There are many types of hydrants in common use. Two are described in this concluding installment.

The O’Brien hydrant (A. P. Smith Manufacturing Company, East Orange, N. J.) has a large diameter standpipe to cut down the frictional resistance. The manufacturers claim that a standard type two-nozzle hydrant was tested under a delivery of 250 gallons per nozzle, and the friction loss was but 1.7 pounds.

Cross Section of the O'Brien Hydrant

The drip valve of the hydrant is so correlated with the main stem that the moment the main valve is closed, the drip valve opens. The action of the drip valve is positive.

A good size packing box is provided. Where the spindle passes through the packing box, it is bushed with bronze so that it will give unfailing service.

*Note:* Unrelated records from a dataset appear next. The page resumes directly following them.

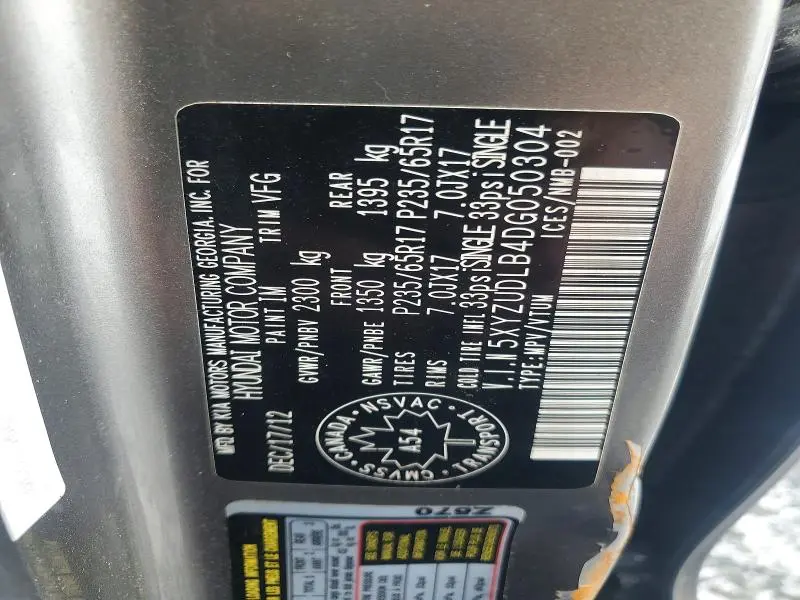 2013 HYUNDAI SANTA FE SPORT   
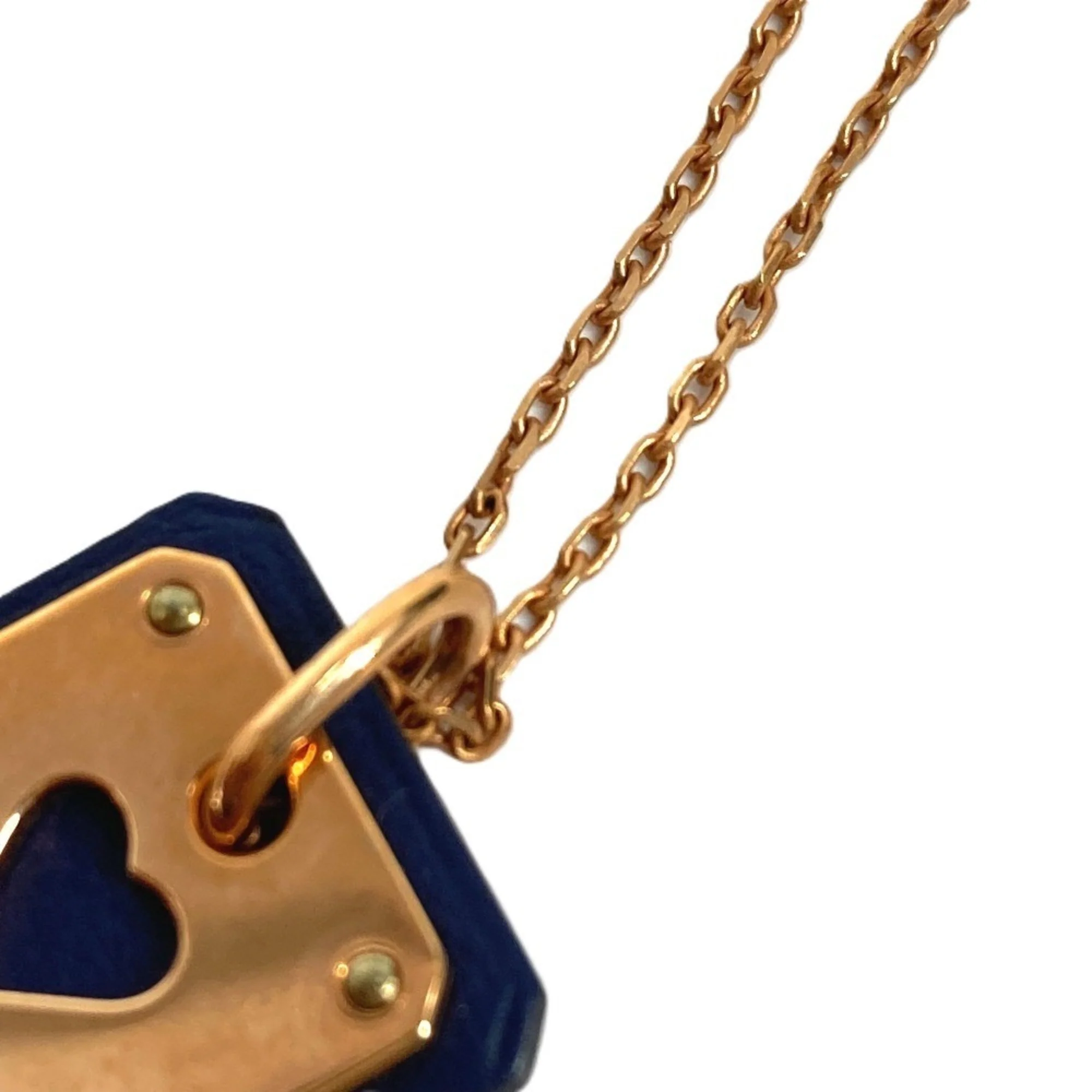 As de Coeur Pendant Necklace Leather and Metal Mini Black and Pink - Image 6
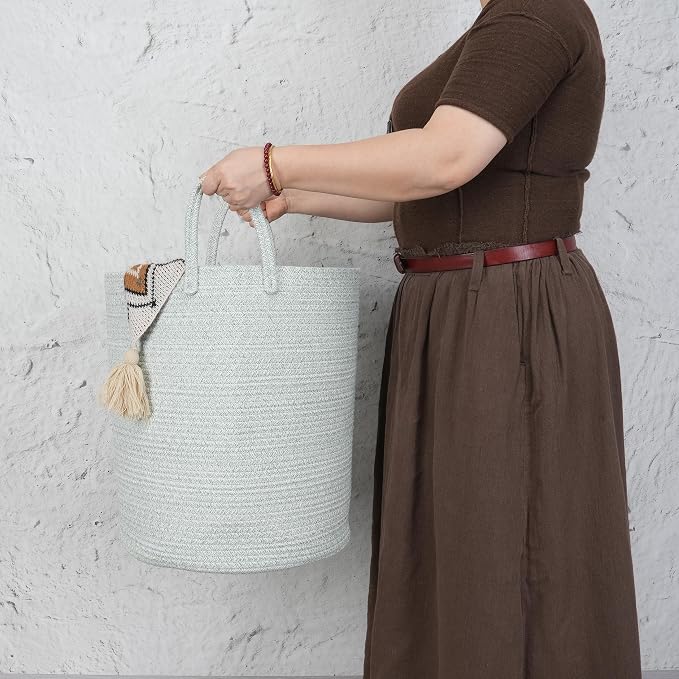 XUANGUO Cotton Rope Laundry Basket Hamper for Clothes Woven Storage Basket for Living Room Bedroom Boho Tall Rope Baskets for Blanket Toys Pillow Towels Baby Nursery Hamper Bin green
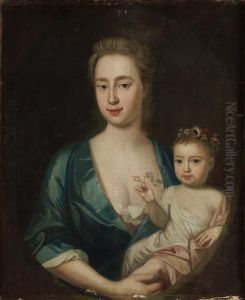 Mother With Child With A Wreath Of Flowers by Michael Dahl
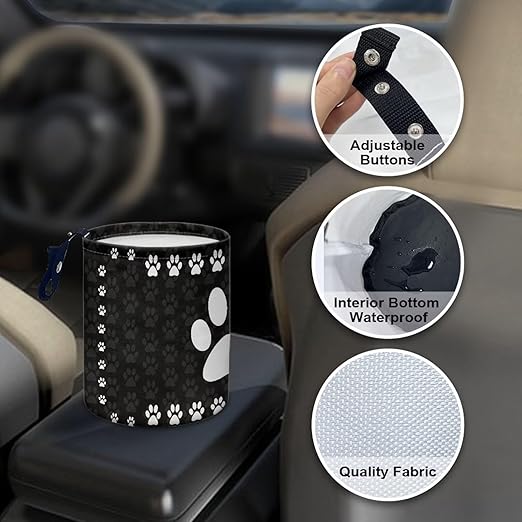 Cute Dog Paw Print Car Trash Can, 3L, 1 Count - Multi-Purpose, Waterproof, Leak-Resistant, Easy to Clean, Car Interior Decoration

When the hydrant is once set, the standpipe section need not be disturbed in order to make any repairs that might be necessary to the inner parts. All that is required is to remove the bonnet and top and to insert a wrench designed for that purpose. Every inner part, including the valve seat, can be removed in one operation. When the necessary repairs have been made, the parts can be replaced with the same wrench.

Waterous Hydrant

The spindle nut mechanism of the Waterous hydrant (Waterous Fire Engine Works, St. Paul, Minn.) is not exposed to water due to the locating of the packing gland (4).

The drain is in reality a piston valve or plunger that floats between a bronze cross bar (23) on valve rod and upper valve washer. When the hydrant is opened, the drain plunger (19) moves downward and closes the drain opening. When the hydrant is closed, the plunger moves upward and uncovers the drain. Downward movement of the plunger is caused by the cross bar, and the upward movement by the upper valve washer. A bail at top of plunger encircles one arm of the cross bar and prevents loss of the plunger when the hydrant is disassembled.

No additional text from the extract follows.